November 3rd, 2004


Democracy Blows.

So the exit polls amounted to nothing but a political cock tease. Like finding out that the large-breasted woman you took home was wearing a stuffed bra all along … and then finding out that she was actually Karl Rove.


I sat in the living room, watching Ohio turning red like a syphilis sore. Why, Ohio? Why? I can understand why the other meth-loving, banjo-playing, sheep testicle-eating states went red. But from what I can tell, Ohio’s literacy rate is well above 50%. You guys have technology, you have people with college degrees, you don’t mate with close relatives – clearly you should’ve been a blue state. Didn’t you learn anything from Florida? Now God’s going to send fifty hurricanes your way.

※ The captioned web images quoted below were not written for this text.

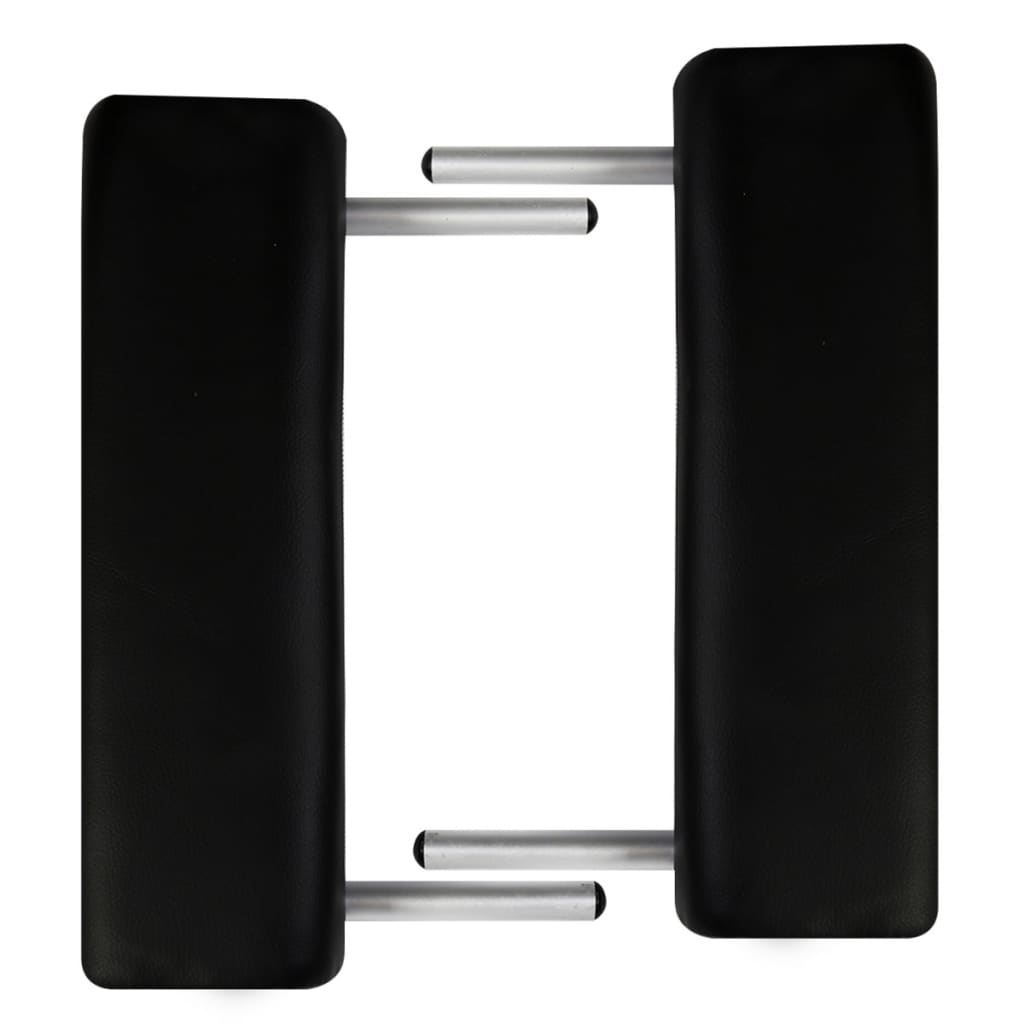 vidaXL Table de massage pliable Noir 2 zones avec cadre en aluminium
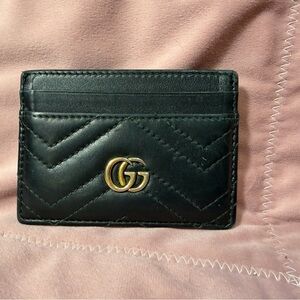 Gucci Black Leather Chevron Card Holder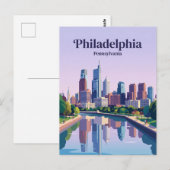 Philadelphia Silhouet USA Briefkaart (Voorkant / Achterkant)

These are the following that are fucked as a result of your treachery:

Women are fucked.
Old people are fucked.
Young people are fucked.
Minorities are fucked.
Poor people are fucked.
Middle class families are fucked.
SUV owners are fucked.
Trees, beavers, and bears are fucked.
Clean water is fucked.
Your personal freedom is fucked.
The ozone layer is fucked.
Our soldiers are fucked.
Anybody not employed by Halliburton is fucked.
The national budget is fucked.
People without health insurance are fucked.
People who wanted to visit other countries without getting pelted with feces are fucked.


I’ve been talking to a lot of people, and it seems many are considering fleeing to Canada or some other Bush-less country. But why go through the hassle of packing and trying to find a job in a foreign land? My solution is to have California secede and become its own country. Of course we’d take Vegas too.